▶ Short text fragments from websites:

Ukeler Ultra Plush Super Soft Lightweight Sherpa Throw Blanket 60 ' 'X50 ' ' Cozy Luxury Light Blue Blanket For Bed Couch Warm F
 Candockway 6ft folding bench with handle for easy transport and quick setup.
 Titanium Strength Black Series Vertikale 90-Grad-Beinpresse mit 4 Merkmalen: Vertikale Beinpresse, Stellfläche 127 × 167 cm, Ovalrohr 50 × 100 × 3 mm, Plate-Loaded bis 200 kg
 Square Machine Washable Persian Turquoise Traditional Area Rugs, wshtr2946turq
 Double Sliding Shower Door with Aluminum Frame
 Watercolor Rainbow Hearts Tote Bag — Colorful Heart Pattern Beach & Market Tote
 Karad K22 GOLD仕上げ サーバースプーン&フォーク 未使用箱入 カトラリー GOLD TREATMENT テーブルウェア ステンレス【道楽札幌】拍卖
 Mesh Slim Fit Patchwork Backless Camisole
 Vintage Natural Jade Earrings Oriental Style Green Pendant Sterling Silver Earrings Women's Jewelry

▶ TASK REQUIREMENTS: Exact copies of the lines from the one holding "Square Machine Washable" through the last line above, and only those, make up the answer.

▶ SOLUTION FOR THIS TASK:
 Square Machine Washable Persian Turquoise Traditional Area Rugs, wshtr2946turq
 Double Sliding Shower Door with Aluminum Frame
 Watercolor Rainbow Hearts Tote Bag — Colorful Heart Pattern Beach & Market Tote
 Karad K22 GOLD仕上げ サーバースプーン&フォーク 未使用箱入 カトラリー GOLD TREATMENT テーブルウェア ステンレス【道楽札幌】拍卖
 Mesh Slim Fit Patchwork Backless Camisole
 Vintage Natural Jade Earrings Oriental Style Green Pendant Sterling Silver Earrings Women's Jewelry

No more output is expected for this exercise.